While the epic inning of 281 against Australia at Eden Gardens is what defines V.V.S. Laxman, but it is knock of 167 against the same team at Sydney which is close to the heart of the former Indian cricketer.
The stylish batsman revealed this at the release of his autobiography ‘281 and Beyond’ here on Thursday night.
Laxman, who shot to the limelight with a knock of 167 in 2000, believes this was closer to his heart as it was first international hundred and it gave him confidence and belief that he was capable of playing at the highest level.
“From 1996 to 2000, I never had a hundred. I never ever felt I was able to establish myself in the Indian team. If I had not got that 167, probably I would not have got another chance to play. The fashion in which I got these runs and against quality bowling on a challenging wicket and tough conditions gave me the confidence.”
“It removed doubts and apprehensions I had about my game.
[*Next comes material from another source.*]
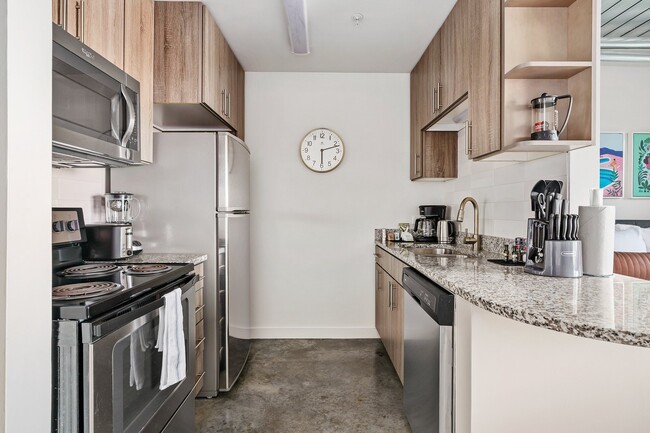 Primary Photo - Midtown Studio! 50% Off Fees + $1,000 GC!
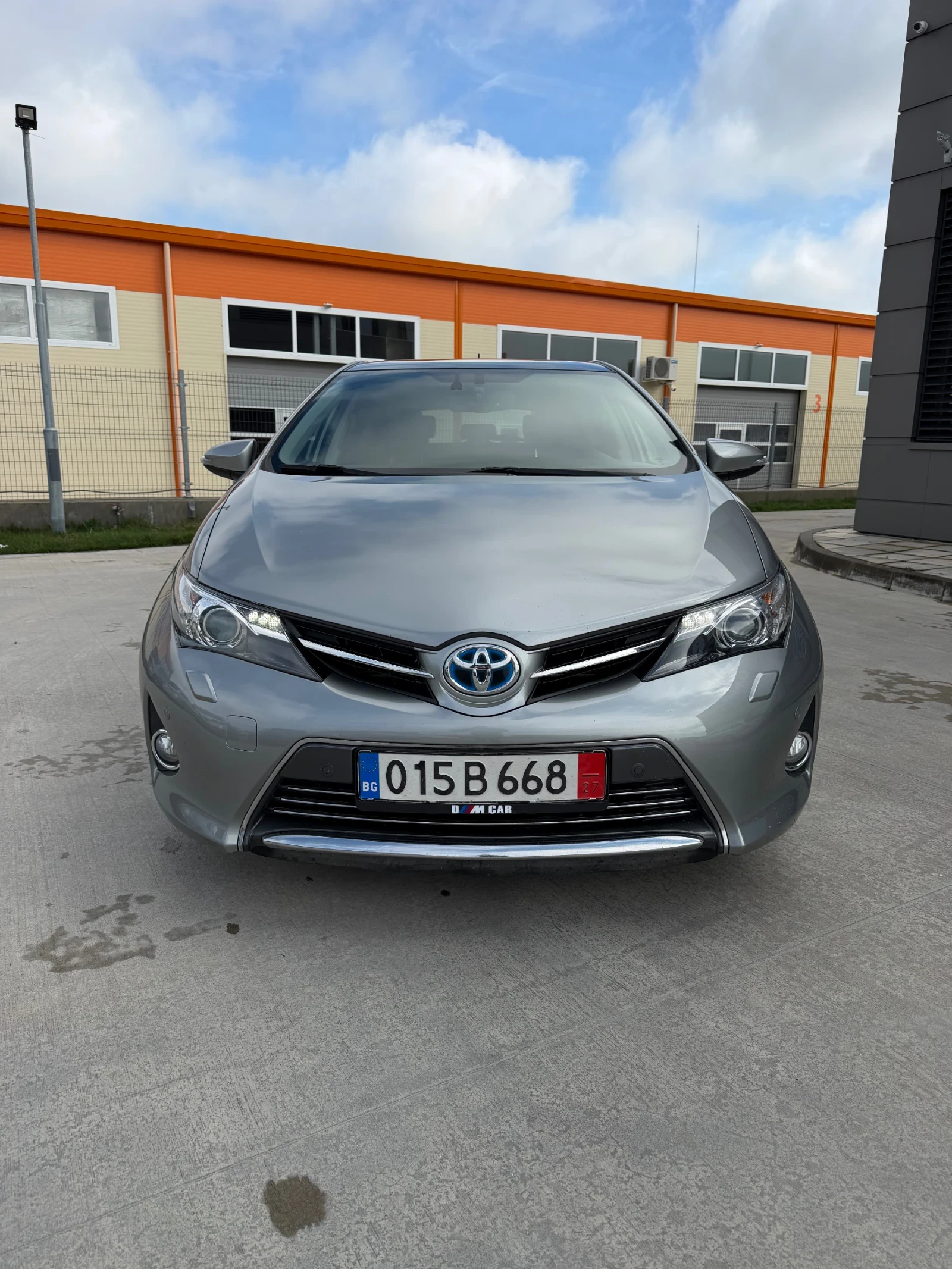 Toyota Auris * 1.8-HYBRID* ПАНОРАМА* ПОДГРЕВ* ЛИЗИНГ* , снимка 3 - Автомобили и джипове - 54076834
I started to feel that I belong to international cricket and that I can go out and perform against the best bowlers,” added Laxman in a chat with popular cricket commentator Harsha Bhogle.
Laxman, who retired from international cricket in 2012 after a career spanning 16 years, is known for his historic knock of 281 in 2001. His inning and record stand with Rahul Dravid, set up a stunning victory for India after following on.
Laxman believes this was turning point for his career and also in the fortunes of the Indian team.
He also revealed that this knock of 281 did not come as a surprise. Known as ‘Very Very Special’ in cricketing circles, Laxman said with the extensive fitness training and hard work, he was physically and mentally ready to play that kind of inning.
He did not agree with Harsha Bhogle that 281 trapped him as people started to have huge expectations from him.
“I learnt after the first 4 years of struggle at highest level that especially in our country you can’t afford to fall into a trap. Everyone will have expectations. I never played game to fulfill expectations of others.”
The event saw Harsha Bhogle in free and frank conversation with Laxman, his family members, former cricketers Arshad Ayub, Venkatapathi Raju and autobiography co-writer R. Kaushik.
Telangana’s Information Technology Minister K.T. Rama Rao and badminton coach P. Gopichand also shared their views at the event attended by former cricketers, coaches and friends of Laxman.
Laxman, who preferred cricketing career over becoming a physician like his parents, said the toughest decision for him was giving up as an opening batsman.
In 1996 when Laxman was included in the Indian team he was announced as an opener. “I took it up as a challenge. It was one of the tough decisions,” he said.
When he was dropped in 2000, he joined the Hyderabad team and started playing first class cricket. “I told myself that I am going to lead the life as a first class cricketer. I decided I will work hard but I will never ever open the batting. It was toughest decision because there was no guarantee of getting into playing XI of India,” he said.
He recalled that at that time the middle order was packed with experienced players like Rahul Dravid, Sachin Tendulkar, Mohammed Azharuddin and Sourav Ganguly.
Laxman represented India in 134 Tests, scoring 8781 runs at 45.97. He scored 17 test centuries, six of which came against Australia.